What to produce -
Provide again, from the entries below, every line from the one containing "Плитка ПВХ LVT" through the one containing "Read VIDland Saga ID Manga Online", exactly as written, and no other line.

Source data -
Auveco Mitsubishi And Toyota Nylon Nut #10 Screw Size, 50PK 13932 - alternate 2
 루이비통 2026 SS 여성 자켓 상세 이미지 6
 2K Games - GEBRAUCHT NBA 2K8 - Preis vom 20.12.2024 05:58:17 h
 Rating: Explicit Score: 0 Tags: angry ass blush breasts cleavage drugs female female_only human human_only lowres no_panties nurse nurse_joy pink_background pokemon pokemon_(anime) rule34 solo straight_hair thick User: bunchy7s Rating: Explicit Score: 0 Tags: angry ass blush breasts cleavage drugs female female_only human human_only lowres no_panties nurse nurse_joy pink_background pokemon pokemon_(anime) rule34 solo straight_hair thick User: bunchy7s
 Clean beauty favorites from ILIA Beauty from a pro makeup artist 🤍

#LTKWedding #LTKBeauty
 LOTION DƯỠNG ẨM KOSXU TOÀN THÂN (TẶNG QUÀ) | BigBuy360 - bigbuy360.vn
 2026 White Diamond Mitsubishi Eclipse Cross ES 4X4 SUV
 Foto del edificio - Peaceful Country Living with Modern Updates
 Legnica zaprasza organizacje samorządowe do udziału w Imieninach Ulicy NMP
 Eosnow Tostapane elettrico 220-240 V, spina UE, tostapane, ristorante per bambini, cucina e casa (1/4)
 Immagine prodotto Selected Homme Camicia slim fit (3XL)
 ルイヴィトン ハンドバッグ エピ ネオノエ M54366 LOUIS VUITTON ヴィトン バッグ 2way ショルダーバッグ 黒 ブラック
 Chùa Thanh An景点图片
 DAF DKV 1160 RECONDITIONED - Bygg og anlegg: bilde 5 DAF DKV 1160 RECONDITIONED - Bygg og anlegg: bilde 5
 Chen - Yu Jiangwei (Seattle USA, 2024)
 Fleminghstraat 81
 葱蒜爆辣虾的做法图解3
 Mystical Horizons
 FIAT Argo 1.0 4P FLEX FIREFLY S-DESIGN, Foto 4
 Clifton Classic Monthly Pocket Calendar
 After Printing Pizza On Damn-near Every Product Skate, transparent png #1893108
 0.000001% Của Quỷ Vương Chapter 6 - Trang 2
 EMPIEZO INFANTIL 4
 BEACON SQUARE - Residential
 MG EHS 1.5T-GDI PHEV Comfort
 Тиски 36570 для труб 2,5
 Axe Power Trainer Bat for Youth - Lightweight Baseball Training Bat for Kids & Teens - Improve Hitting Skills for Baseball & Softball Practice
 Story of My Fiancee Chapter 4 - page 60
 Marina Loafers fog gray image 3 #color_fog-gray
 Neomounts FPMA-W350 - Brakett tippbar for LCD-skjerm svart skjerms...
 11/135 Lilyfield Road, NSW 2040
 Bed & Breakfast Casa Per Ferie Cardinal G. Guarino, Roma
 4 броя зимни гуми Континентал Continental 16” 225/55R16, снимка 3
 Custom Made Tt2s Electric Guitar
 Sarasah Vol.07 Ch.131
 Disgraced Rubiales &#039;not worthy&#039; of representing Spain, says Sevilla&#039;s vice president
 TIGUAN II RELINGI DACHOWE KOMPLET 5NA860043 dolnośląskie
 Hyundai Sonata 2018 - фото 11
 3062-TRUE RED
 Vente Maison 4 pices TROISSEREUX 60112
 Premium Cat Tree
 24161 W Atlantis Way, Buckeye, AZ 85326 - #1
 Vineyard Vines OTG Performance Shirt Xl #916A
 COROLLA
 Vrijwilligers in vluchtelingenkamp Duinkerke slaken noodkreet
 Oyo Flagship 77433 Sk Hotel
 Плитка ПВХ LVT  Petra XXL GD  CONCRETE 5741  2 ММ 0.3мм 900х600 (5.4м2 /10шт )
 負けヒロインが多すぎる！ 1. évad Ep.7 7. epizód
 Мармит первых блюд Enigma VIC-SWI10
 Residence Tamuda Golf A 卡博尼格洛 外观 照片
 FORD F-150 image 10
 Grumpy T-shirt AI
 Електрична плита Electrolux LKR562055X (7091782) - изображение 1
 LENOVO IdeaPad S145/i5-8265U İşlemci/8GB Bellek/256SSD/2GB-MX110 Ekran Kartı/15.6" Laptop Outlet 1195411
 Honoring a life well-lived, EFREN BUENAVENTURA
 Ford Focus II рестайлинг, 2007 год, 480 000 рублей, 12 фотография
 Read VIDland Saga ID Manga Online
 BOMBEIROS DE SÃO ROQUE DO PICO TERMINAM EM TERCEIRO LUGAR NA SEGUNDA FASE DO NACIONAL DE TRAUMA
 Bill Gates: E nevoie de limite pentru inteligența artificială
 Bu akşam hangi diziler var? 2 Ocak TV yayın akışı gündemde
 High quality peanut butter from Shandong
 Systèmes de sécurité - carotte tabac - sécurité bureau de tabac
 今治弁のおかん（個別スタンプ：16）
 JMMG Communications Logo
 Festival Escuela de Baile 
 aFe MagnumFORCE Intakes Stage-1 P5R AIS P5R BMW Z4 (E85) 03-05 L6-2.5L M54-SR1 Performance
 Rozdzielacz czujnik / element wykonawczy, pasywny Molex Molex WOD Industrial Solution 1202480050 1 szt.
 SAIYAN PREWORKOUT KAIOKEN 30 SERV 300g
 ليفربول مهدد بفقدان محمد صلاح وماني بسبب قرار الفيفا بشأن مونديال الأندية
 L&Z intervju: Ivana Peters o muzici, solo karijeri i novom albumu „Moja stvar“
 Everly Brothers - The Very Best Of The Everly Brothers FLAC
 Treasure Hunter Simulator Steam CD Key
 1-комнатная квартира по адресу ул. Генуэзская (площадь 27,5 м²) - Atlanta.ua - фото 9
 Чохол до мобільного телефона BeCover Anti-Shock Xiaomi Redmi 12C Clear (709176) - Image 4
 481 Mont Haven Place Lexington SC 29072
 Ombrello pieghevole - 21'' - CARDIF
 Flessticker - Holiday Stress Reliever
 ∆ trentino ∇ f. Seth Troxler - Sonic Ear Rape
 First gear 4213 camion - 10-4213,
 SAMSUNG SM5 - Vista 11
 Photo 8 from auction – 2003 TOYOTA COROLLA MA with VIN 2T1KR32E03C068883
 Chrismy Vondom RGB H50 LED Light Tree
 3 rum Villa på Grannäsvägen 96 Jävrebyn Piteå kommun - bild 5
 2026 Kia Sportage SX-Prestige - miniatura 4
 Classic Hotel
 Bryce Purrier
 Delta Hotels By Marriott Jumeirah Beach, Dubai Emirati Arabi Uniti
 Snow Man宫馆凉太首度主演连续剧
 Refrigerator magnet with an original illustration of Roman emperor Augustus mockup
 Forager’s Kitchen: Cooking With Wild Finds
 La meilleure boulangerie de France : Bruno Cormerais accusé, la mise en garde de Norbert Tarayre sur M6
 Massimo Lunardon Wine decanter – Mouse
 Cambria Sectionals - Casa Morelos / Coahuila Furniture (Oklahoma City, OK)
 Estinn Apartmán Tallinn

Exercise answer -
 Плитка ПВХ LVT  Petra XXL GD  CONCRETE 5741  2 ММ 0.3мм 900х600 (5.4м2 /10шт )
 負けヒロインが多すぎる！ 1. évad Ep.7 7. epizód
 Мармит первых блюд Enigma VIC-SWI10
 Residence Tamuda Golf A 卡博尼格洛 外观 照片
 FORD F-150 image 10
 Grumpy T-shirt AI
 Електрична плита Electrolux LKR562055X (7091782) - изображение 1
 LENOVO IdeaPad S145/i5-8265U İşlemci/8GB Bellek/256SSD/2GB-MX110 Ekran Kartı/15.6" Laptop Outlet 1195411
 Honoring a life well-lived, EFREN BUENAVENTURA
 Ford Focus II рестайлинг, 2007 год, 480 000 рублей, 12 фотография
 Read VIDland Saga ID Manga Online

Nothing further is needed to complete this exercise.